Omit the pictures and return exactly the stretch of the material below from the line with "Bmw S1000RR 2010-2014, Gpe" through the line with "NOW L-Lysine 500".
#### Material to process
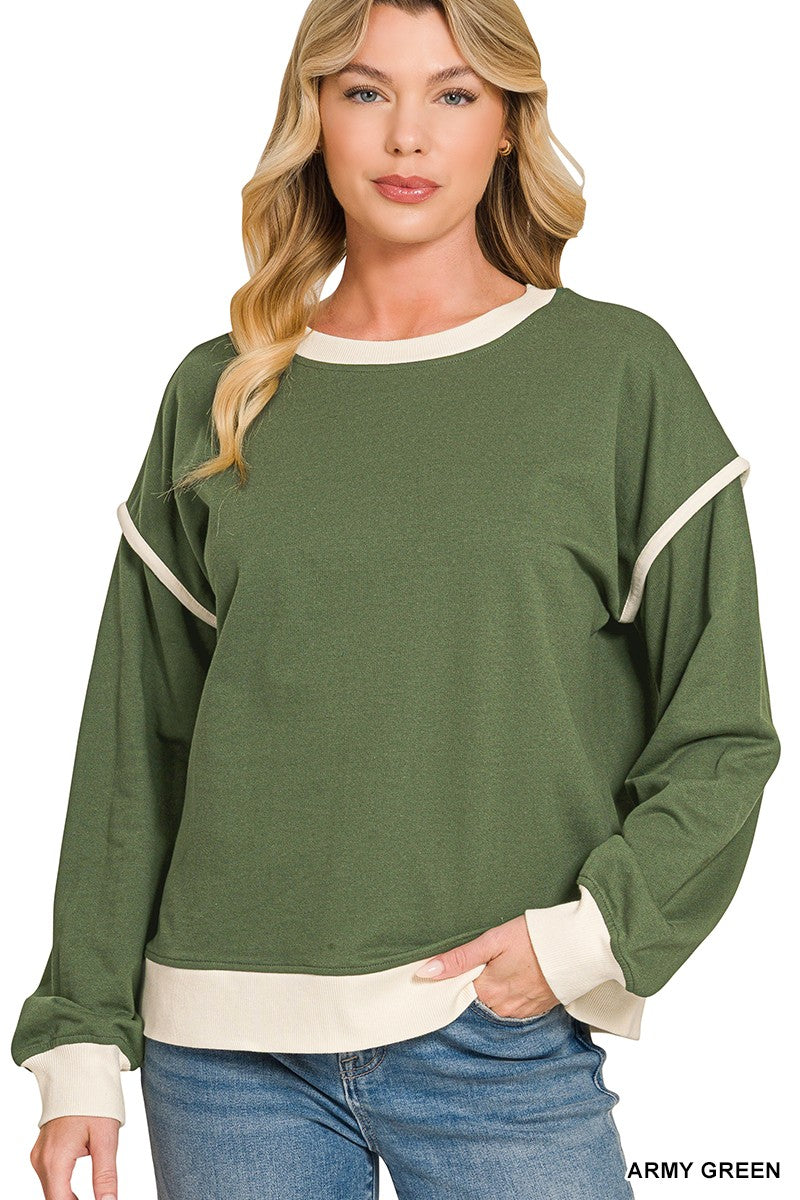 The Palmer Contrast Pullover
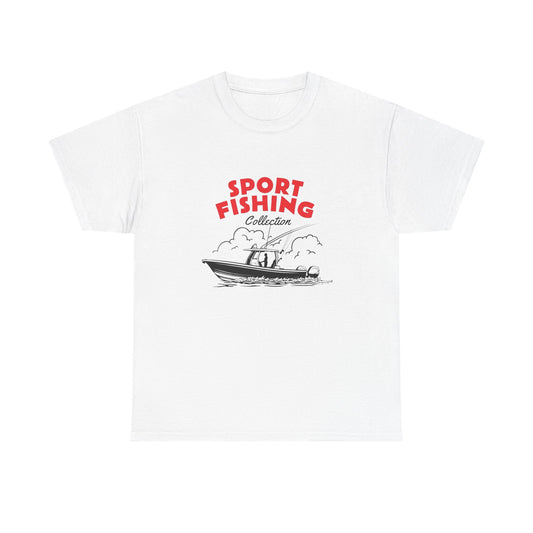 Sport Fishing Graphic T Shirt Unisex Heavy Cotton Tee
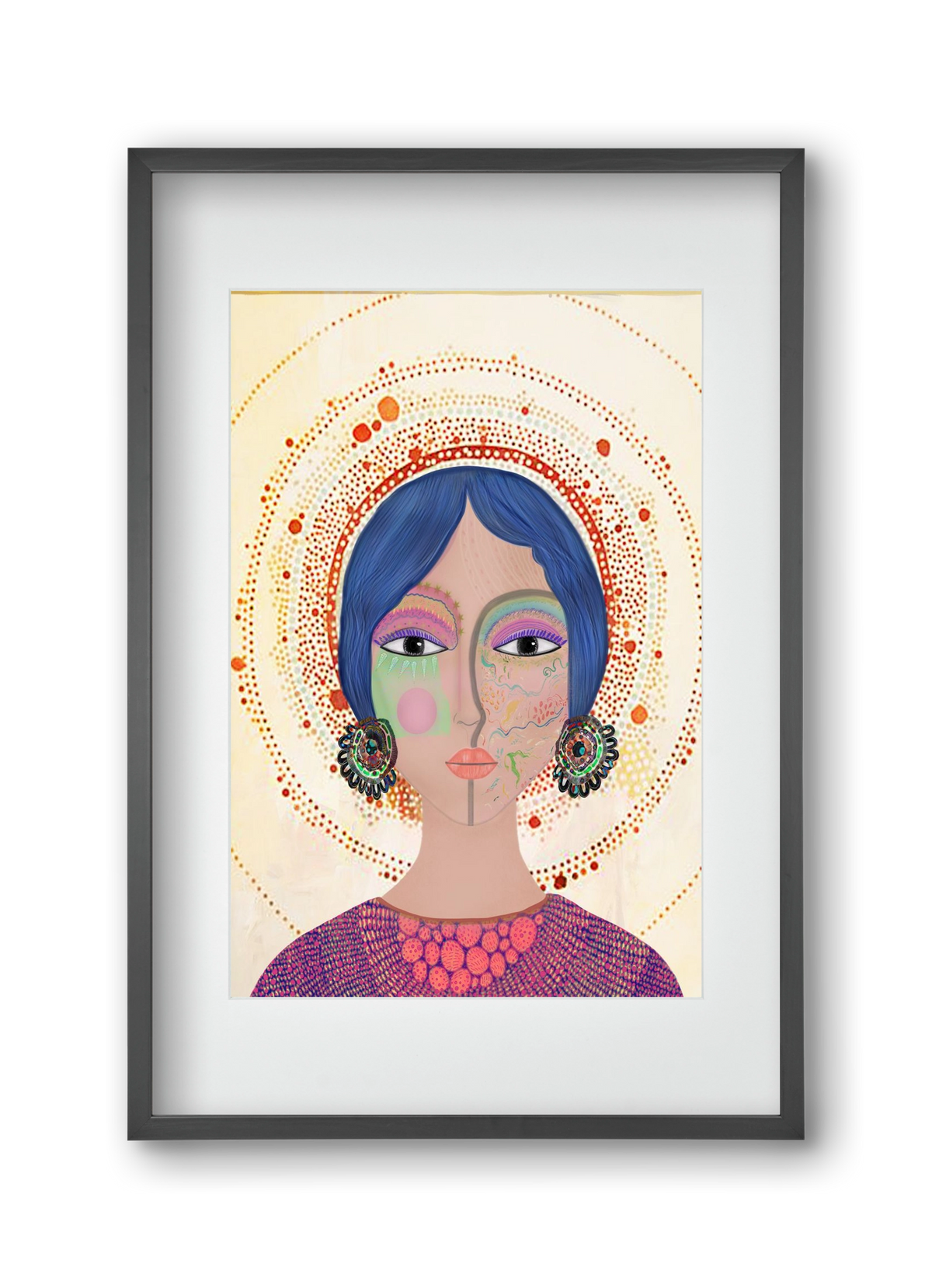 Ethereal Dreams, 30x45 cm (20x30 cm), Fekete keret, paszpartuval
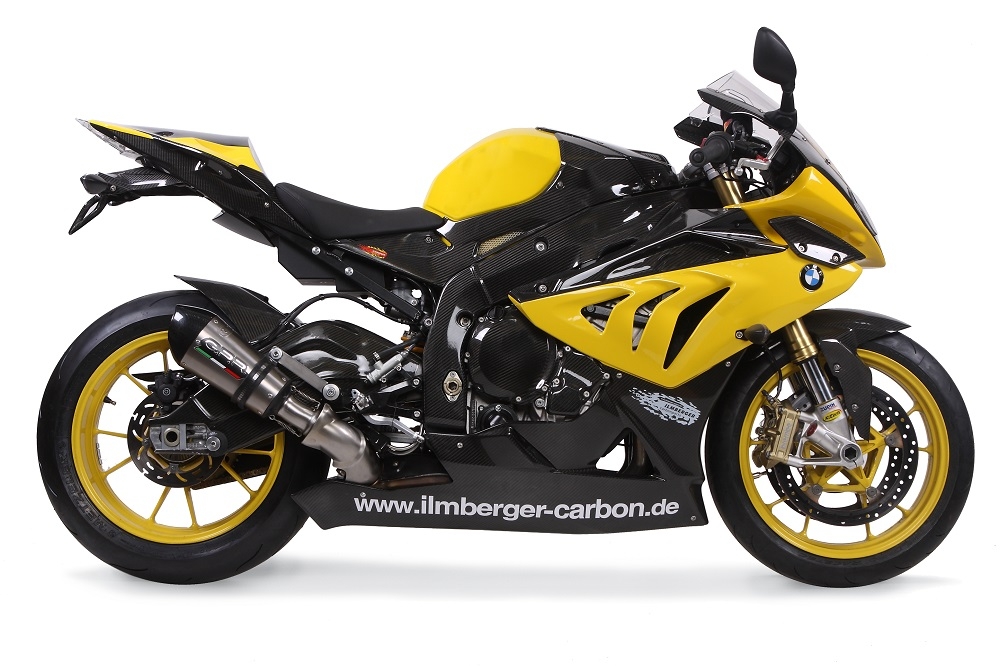 Bmw S1000RR 2010-2014, Gpe Ann. titanium, Slip-on exhaust including removable db killer and link pipe 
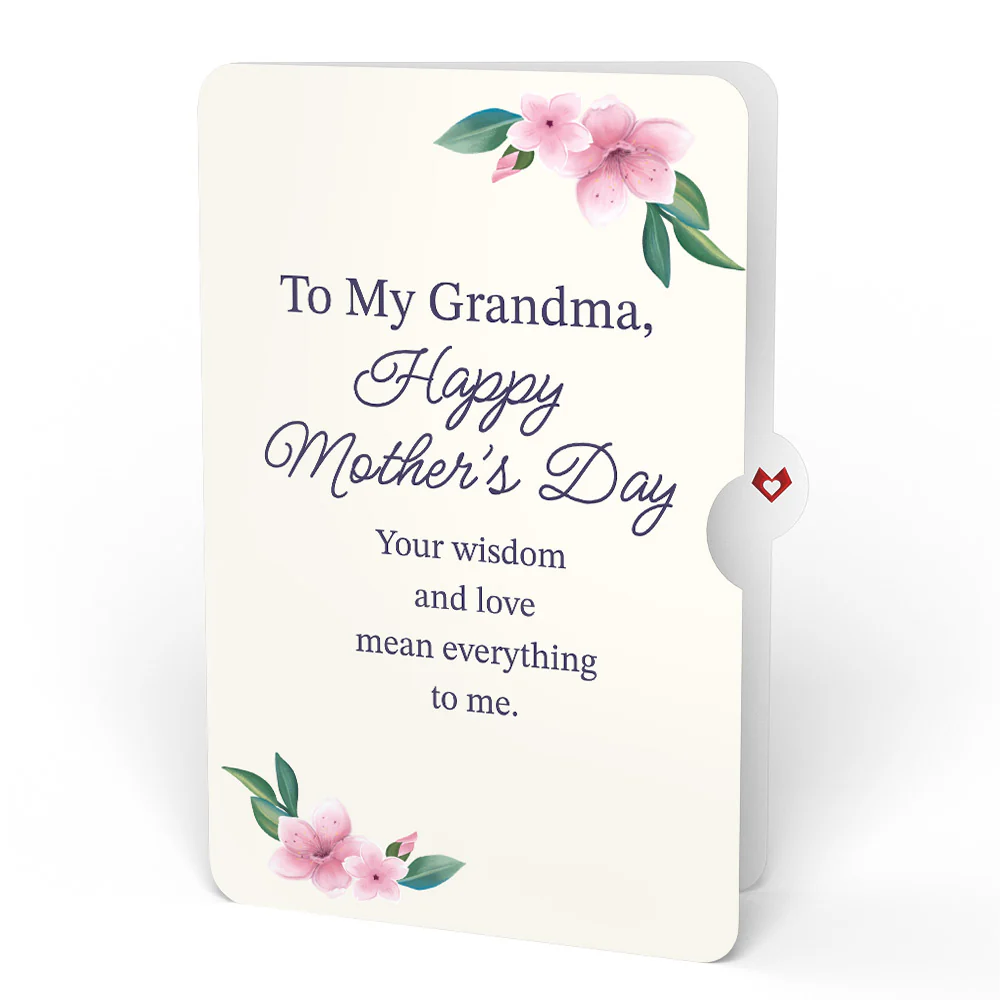 Cherry Blossom Mother's Day Bouquet and Sentiment Set for Grandma - Image 4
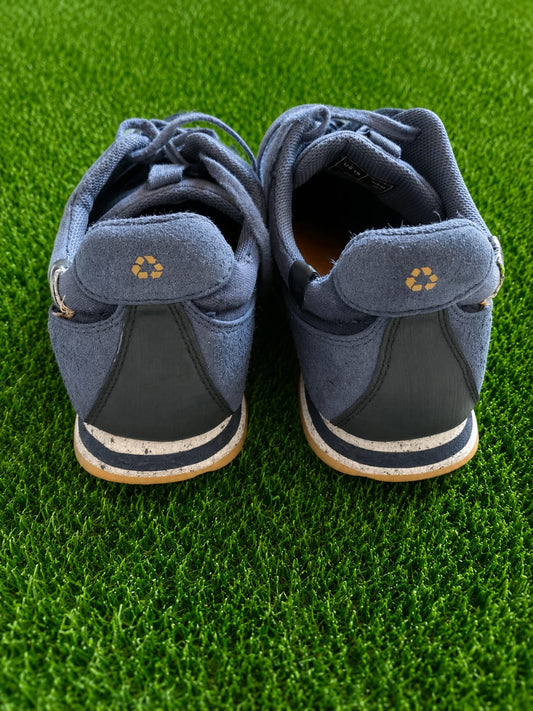 SAOLA Tsavo Navy Blue Eco Sneakers - EUR 43 US 10 - Cork Insole - Pre-Loved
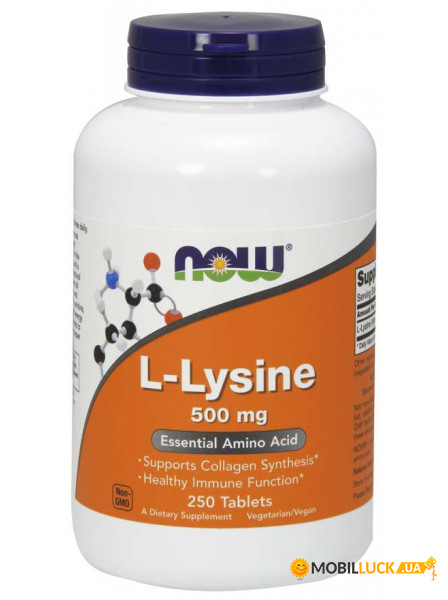  NOW L-Lysine 500 mg Tablets 250  (4384302608)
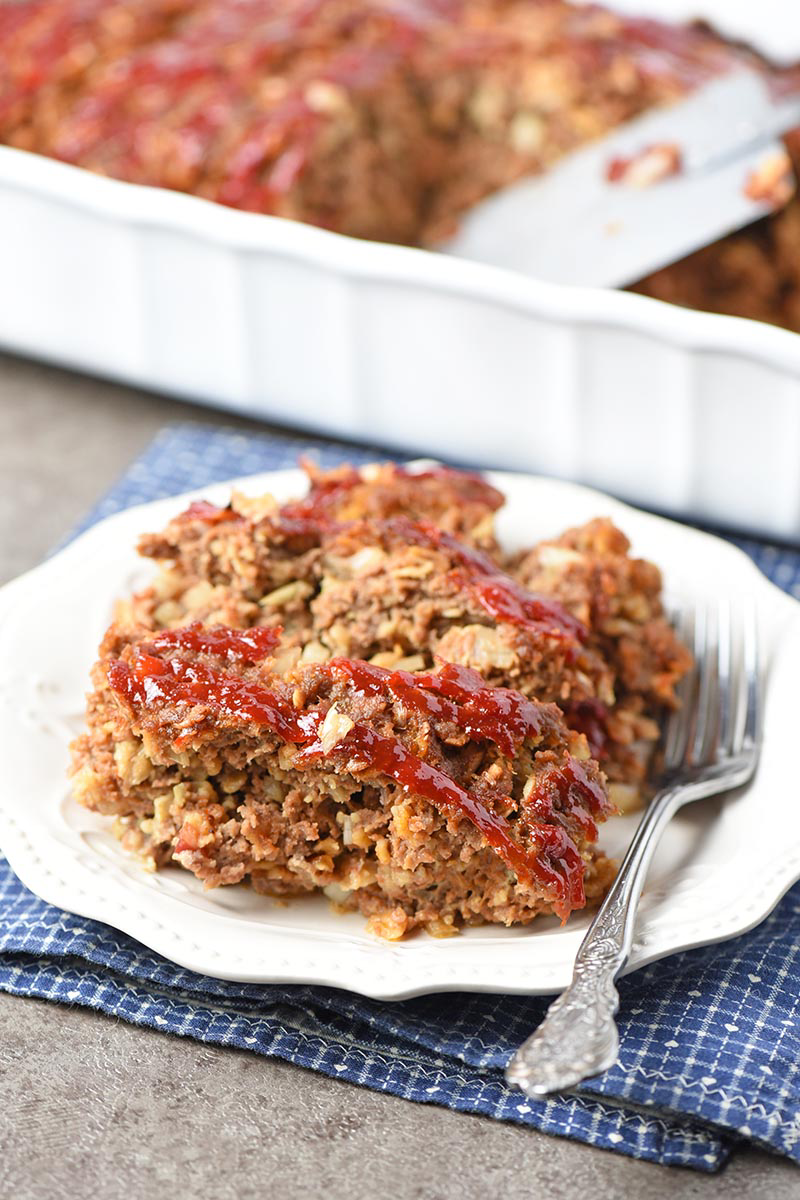 How to make the best meatloaf ever with oatmeal, BBQ sauce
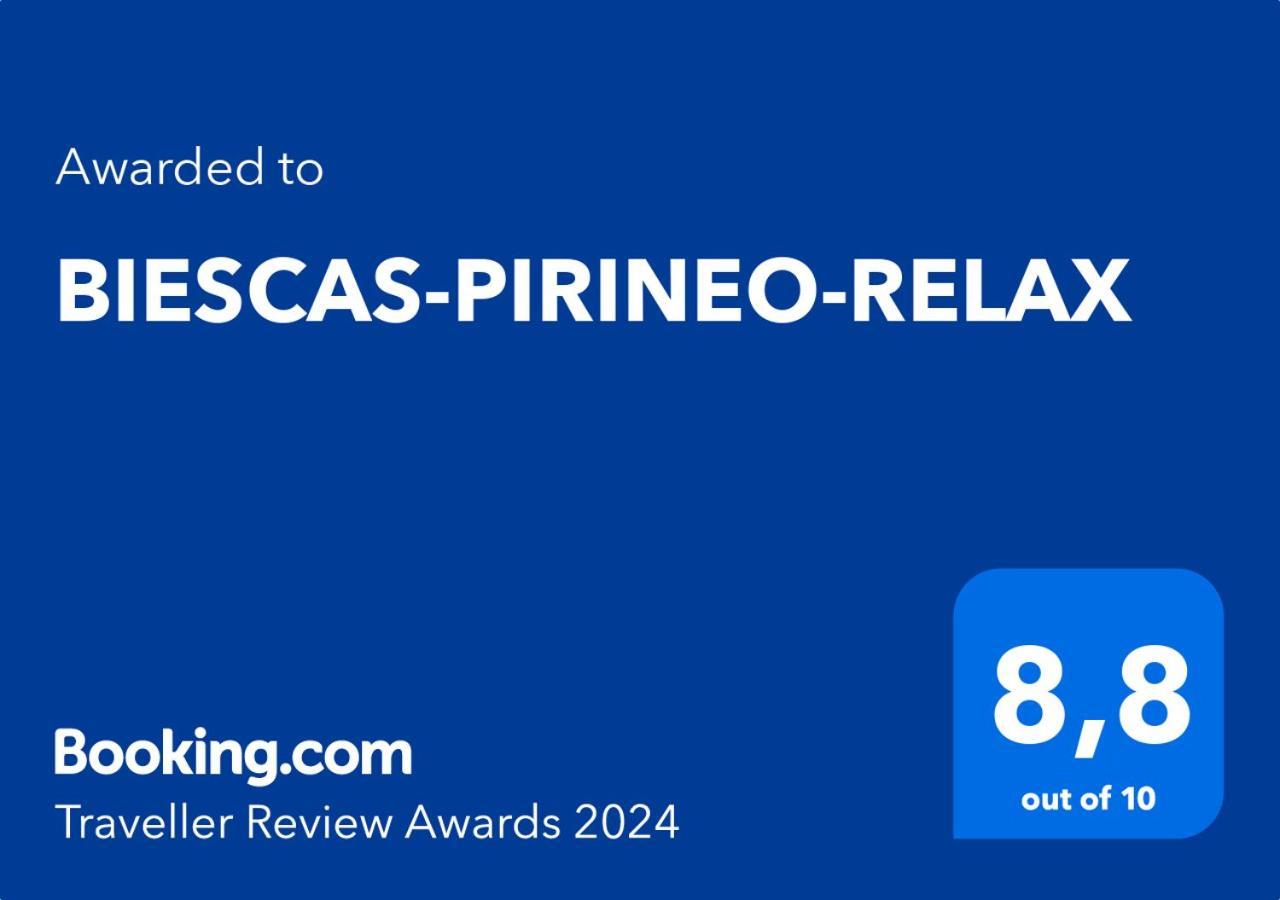 Apartament Biescas-Pirineo-Relax Zewnętrze zdjęcie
########
• [Task solution]:
 Bmw S1000RR 2010-2014, Gpe Ann. titanium, Slip-on exhaust including removable db killer and link pipe 
 Cherry Blossom Mother's Day Bouquet and Sentiment Set for Grandma - Image 4
 SAOLA Tsavo Navy Blue Eco Sneakers - EUR 43 US 10 - Cork Insole - Pre-Loved
  NOW L-Lysine 500 mg Tablets 250  (4384302608)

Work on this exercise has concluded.